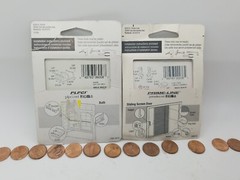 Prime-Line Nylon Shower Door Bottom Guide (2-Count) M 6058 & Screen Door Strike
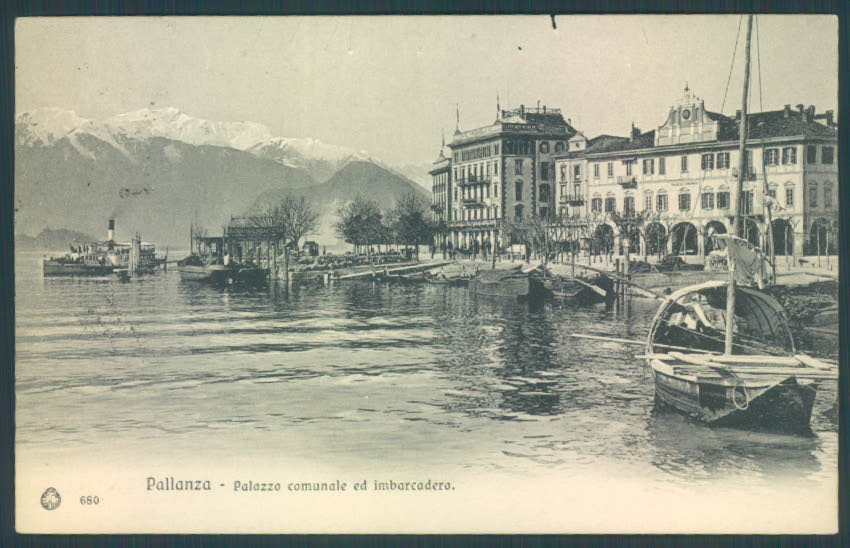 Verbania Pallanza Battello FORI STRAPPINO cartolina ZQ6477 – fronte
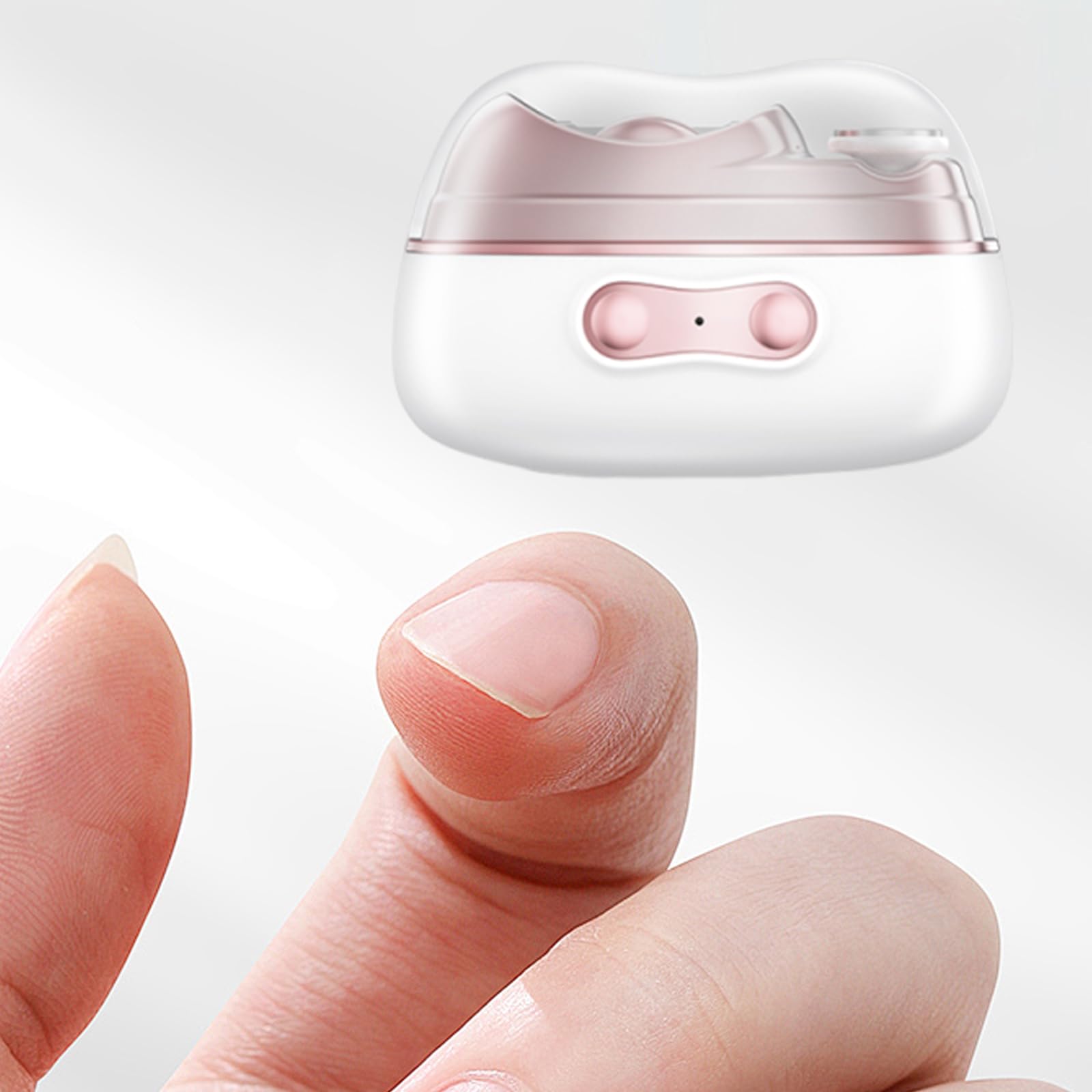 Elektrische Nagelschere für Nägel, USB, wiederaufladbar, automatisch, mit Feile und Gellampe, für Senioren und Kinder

——

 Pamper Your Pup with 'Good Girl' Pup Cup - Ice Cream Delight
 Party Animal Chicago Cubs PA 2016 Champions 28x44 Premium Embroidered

——

__EXERCISE__: In the data above, take the line with "Prime-Line Nylon Shower", the line with "Elektrische Nagelschere für", and every line between, and set them down exactly without pictures.

__RESPONSE__:
 Prime-Line Nylon Shower Door Bottom Guide (2-Count) M 6058 & Screen Door Strike
 Verbania Pallanza Battello FORI STRAPPINO cartolina ZQ6477 – fronte
 Elektrische Nagelschere für Nägel, USB, wiederaufladbar, automatisch, mit Feile und Gellampe, für Senioren und Kinder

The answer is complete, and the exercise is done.